So now we solve for the acceleration, d^2x'/dt'^2 and see if it is a
constant for the two spaceships.
I leave this as an exercise for the reader. (Just kidding.)
===
Russell Blackadar
>
> "Russell Blackadar" <rus...@REMOVEmdli.com> wrote in message
> news:3C3A2A16...@REMOVEmdli.com...
> > Jonathan Doolin wrote:
[snip]
> > > I found the problem.
> > > In the relativity FAQ:
> > >
> http://www.public.iastate.edu/~physics/sci.physics/faq/spaceship_puzzle.html
> > >
> > > Michael Weiss uses these equations to describe the positions of the two
> > > space-ships in the lab frame.
> > >
> > > x=sqrt(1+t^2)
> > > and
> > > x=k+sqrt(1+t^2)
> > >
> > > With this formulation, the two ships stay the same distance from one
> another
> > > in the lab frame (distance =k) Thus in their own frame of reference
> they
> > > would get further apart.
> >
> > Exactly. Why do you call that a problem?
>
> Well, in a way, it's actually rather nice. He unambiguously states the
> assumptions he is using in a mathematical fashion, so it is very easy to
> understand what he is saying. He is describing a situation where the two
> objects remain at the same distance from one another in the *lab* frame, and
> is using this to define his problem.
No, read it again. The statement of the problem in the FAQ
is that they "each accelerate at the same constant rate".

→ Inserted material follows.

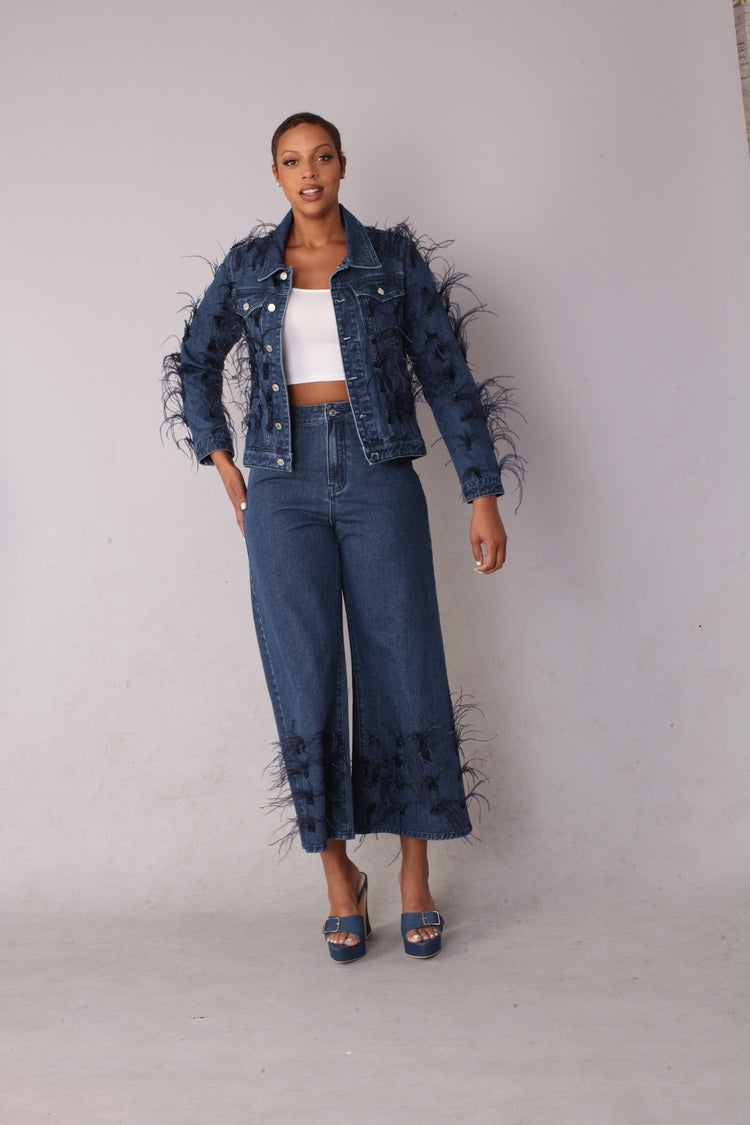 Blue denim wide leg jeans with feather trim shown full body front view styled as a statement look, For Her NYC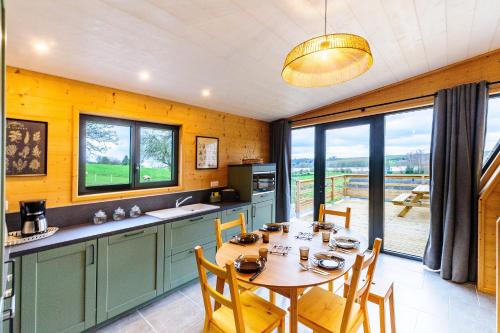 une cuisine avec une table et des chaises dans une pièce dans l'établissement Cottage 3 chambres - Chaleureux chalet pour 6, à Malzy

That's all. Then he goes on to make two apparently conflicting
conclusions from that statement of the problem, the first of
which is that they remain at a constant distance in the original
frame. That is a correct conclusion.
The other conclusion, that there is Lorentz contraction in that
frame, is *also* correct! The hidden assumption, that the ships
remain the same distance apart in their own frames, is what's
wrong.
My own treatment of the problem
> assumed that the space ships would preserve their distance in their *own*
> frame. When I read Linz's question, I thought this was a reasonable
> assumption.
Reasonable, perhaps. But you should know by now, in SR many
reasonable assumptions turn out to be false. Btw the FAQ page
even tells why there's no such thing as the rockets' (plural)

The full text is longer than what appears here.